The most important tool you need at this time of social flux and uncertainty, is the ability to trust in your children. In trusting in the natural curiosity to learn we have watched children in our forest school discover and grow from the most unexpected places, and your children will too.
Trust that they will fill their days with creativity and expression and ideas and inventions without you dictating what they should be doing every hour of the day. Of course you will need to facilitate those opportunities, but for the most part that will mean tearing off bits of tape when requested and being willing to look the other way when they’re attaching toilet paper rolls to the ceiling, not making ‘suggestions’ or directing their play.
Trust that they will learn the things they need to learn to get themselves through the day, whether that’s learning to count change so that they can play Monopoly or learning to multiply fractions so that they can make a triple batch of brownies. So much of what is ‘taught’ in school (particularly when it’s taught to a schedule and not revisited except on one end of unit test and anyway, how many kids do you know that can’t actually tell the time or count back change even though they’ve been going to school for 5 days a week for literally YEARS) can be learned simply by taking part in life; it truly isn’t necessary to force this stuff into their heads.

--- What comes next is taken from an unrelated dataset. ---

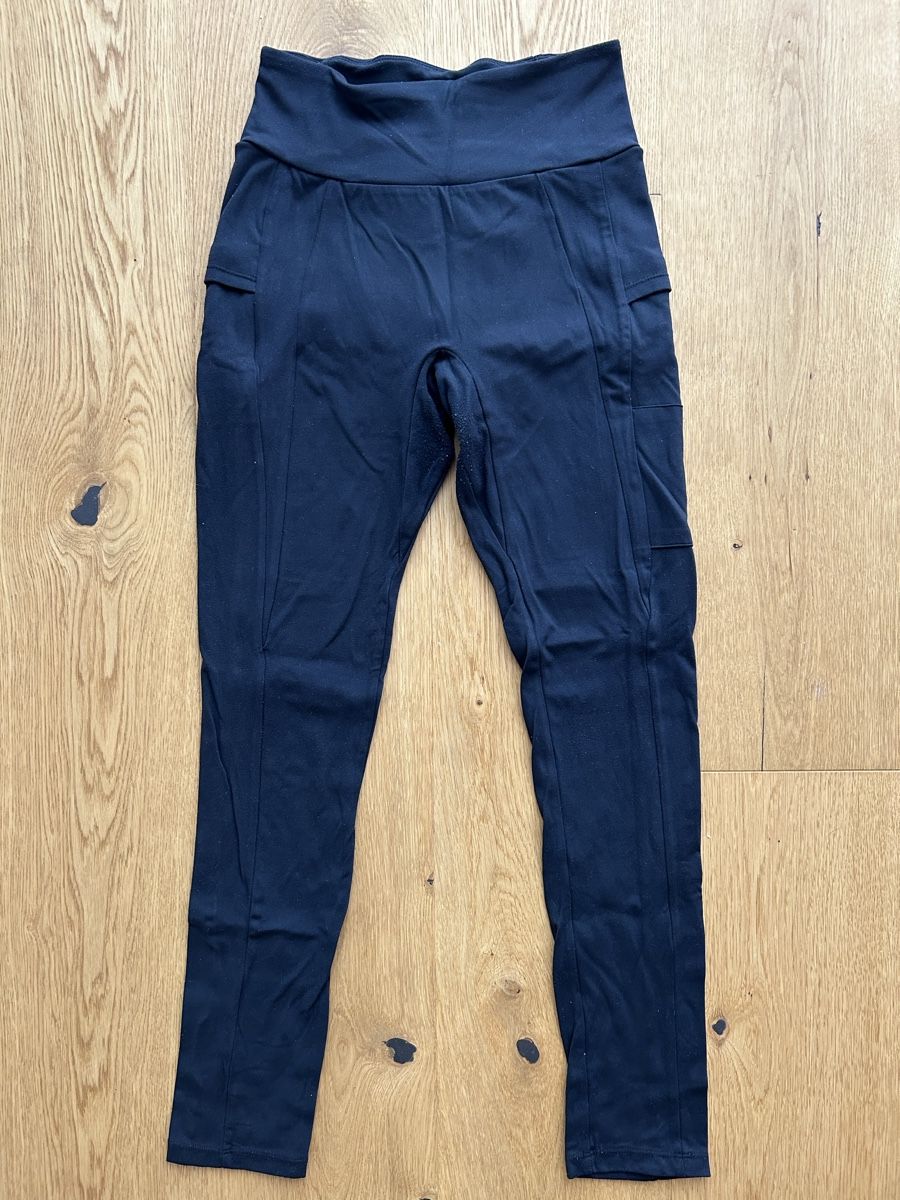 Leggings: GYMSHARK leggings – Usato da Hindelbank venduto da ginamarisa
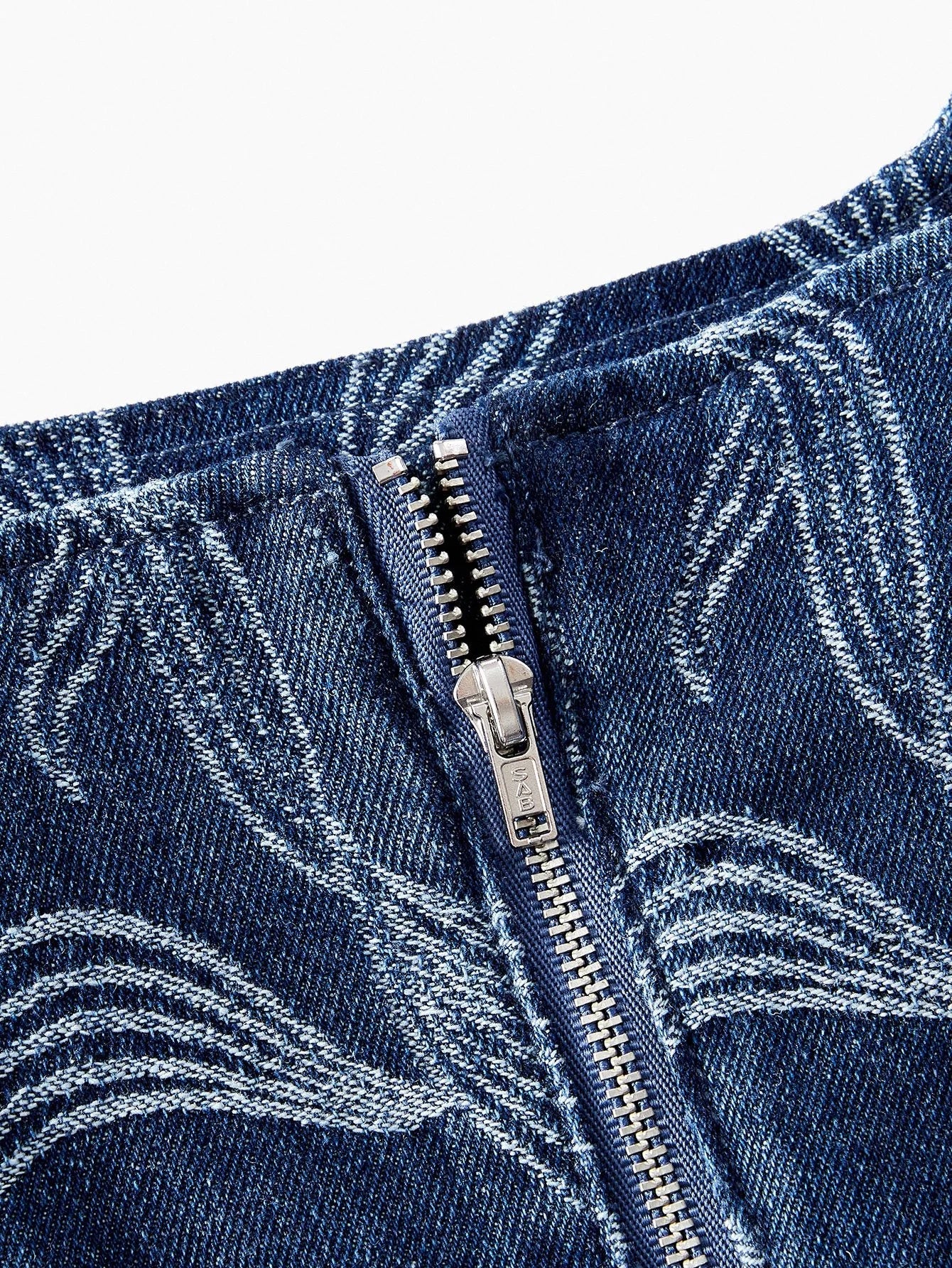 PREMIUM FLORAL PRINT FAUX PEARL BUCKLE BELTED DENIM DRESS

Trust that they are learning even when they are bickering. They’re learning to explore the boundaries of other people’s tolerance, they’re learning to negotiate and they’re learning about the consequences of one person refusing to compromise. And maybe they’re learning what happens when you hit someone in the top of the head with the claw of a hammer. Take the opportunity, even right in the middle of the storm, to try to see what they are going to learn from that disagreement and then talk about that with them later. Children don’t need to be told not to fight – they need to be helped to see how to fight better so that, as they age, they can focus their frustrations on sensible things like climate change and social justice.
Trust that your children will flourish and grow in an environment filled with trust. Know that your child is an innately creative and imaginative creature who will, when given the space and time, put their powers to use to be creative and imaginative with their time. Believe that all that is good and necessary in this world will come from modelling kindness, patience, passion and empathy.
Trust that if you invest in freedom and trust over the next few months, you will have taught your kids far more of value than you ever would have by sitting them in front of an educational computer game.
Ditch the schedules and give your children the gift of freedom for the coming months. They deserve it. You deserve it. And you’ll all be a lot happier in the end.